The plot is pretty straightforward. Following the illegal dumping of radioactive waste in the sea, a number of canisters are washed up on the beach of a remote part of the Florida Keys. Sometime later ambitious real estate developer Marilyn Fryser (Joan Collins) brings a group of wannabe investors to the proposed area of land where her company intends to build a luxury housing project. The group seems to be mostly filled with people who are just along for the free ride and lunch, and are mostly there as cannon fodder for the giant ants. After the initial character introductions, done in a bland TV movie kind of way, the investor group set off on a tour of the island with Marilyn singing the praises of the area. The fact that it’s a very windy, cold looking day makes for some amusing hair issues and plenty of grimaces from a game cast pretending to be enjoying themselves.

However, just when you think you’re watching the wrong movie, and might have mistakenly pressed play on a seventies-styled disaster film, Gordon gives us just what we wanted, namely some giant ant action. The first victim is a Victor Meldrew type of guy out to prove that the real estate agent is really a fraud and con artist, and he’s attacked once he’s dug up some pipe work that seems to have little purpose apart from making it appear that building work has already begun on the plot of mostly swamp land that Marilyn is trying hard to flog.
The youngest members of the group go looking for the missing couple and run into some ants, but manage to make an escape. However, soon none of the group is safe and they make a break for it on a small boat, after the ants inadvertently caused the destruction of the tour’s main sea-going boat. It soon becomes apparent that the ants are actually herding the group in one direction, towards a huge sugar cane processing plant on the edge of the everglades. What the survivors find there is incredible and crazy in equal measure…

Empire of the Ants might have a lot of issues, including bad dialogue, dubious acting, dodgy VFX and an obviously low budget, but it makes up for it by being very entertaining, especially once the initial set up is done and dusted. The first ant attack happens at 28 minutes so I can recommend the final hour of the film, for sure. Sadly, most of the ant attacks are shot using a shaky-cam style methodology, obviously to help hide the poorly made ants, and these can be annoying to watch at times.
Joan Collins does her best with a pretty thankless role, but she always plays bitchy entitled types very well and her supporting actors try their best to look suitably menaced by back-projection ants and scruffy-looking ant models that they can physically ‘act’ with. Actor Robert Pine, who plays a cowardly misogynist in the movie, recalls (in a recent issue of Infinity magazine) the film shoot lasting for about four weeks, in Florida, and them all being more concerned about being attacked by real-life alligators than by fake giant ants! To compensate, Joan was a pleasure to work with and was an excellent scrabble player, apparently.

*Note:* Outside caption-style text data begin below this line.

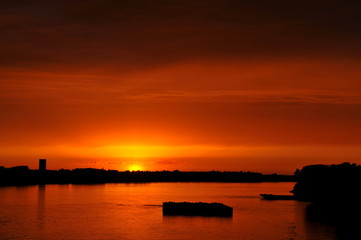 Fototapeta na wymiar Orange sunset over river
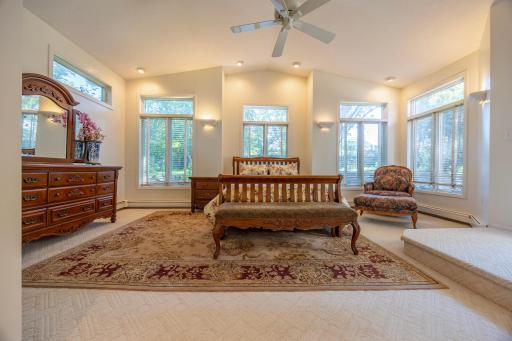 Spacious primary retreat with abundant natural light and views of the lush perennial garden.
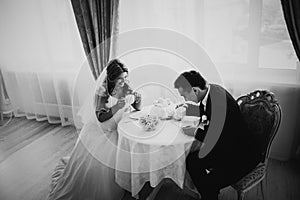 Black white photography bride and groom posing in a hotel room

The central theme of insects turning the tables on humans and gaining a form of mind control over them, so they help feed the ants and protect them, is a great one, and is based in reality as some species of ant do indeed use pheromones to control other insects to do their bidding. And this is all explained in a sort of documentary section right at the beginning of the film, which I guess was meant to lend the film some kind of gravitas before all kinds of craziness kicks off.
I think my first viewing of the film had been marred by my expecting too much from a movie that I’d excitedly anticipated for a long time, but now, with a bit more perspective I found myself enjoying it more than I’d expected, hence can cautiously recommend it to fans of giant animal movies – you know you’re out there!

Extras include:
The Big Picture (18 mins) – An interview with film critic extraordinaire, Kim Newman, who provides a nice potted history about producer//writer/director Bert I. Gordon, who became best-known for his giant monster movies. There’s a nice array of film posters and stills to help illustrate the interview, which references Food of the Gods too, Gordon’s other H.G. Wells adaptation.
Radio spot (1 min) – Replete with the film’s tag line: ‘For they shall inherit the Earth – Sooner than you think!’
Original Theatrical Trailer (2.19 mins) – This reminds us that it’s a Samuel Z. Arkoff production and shows a bit too much of the film and gives away the main plot ‘twist’, unfortunately.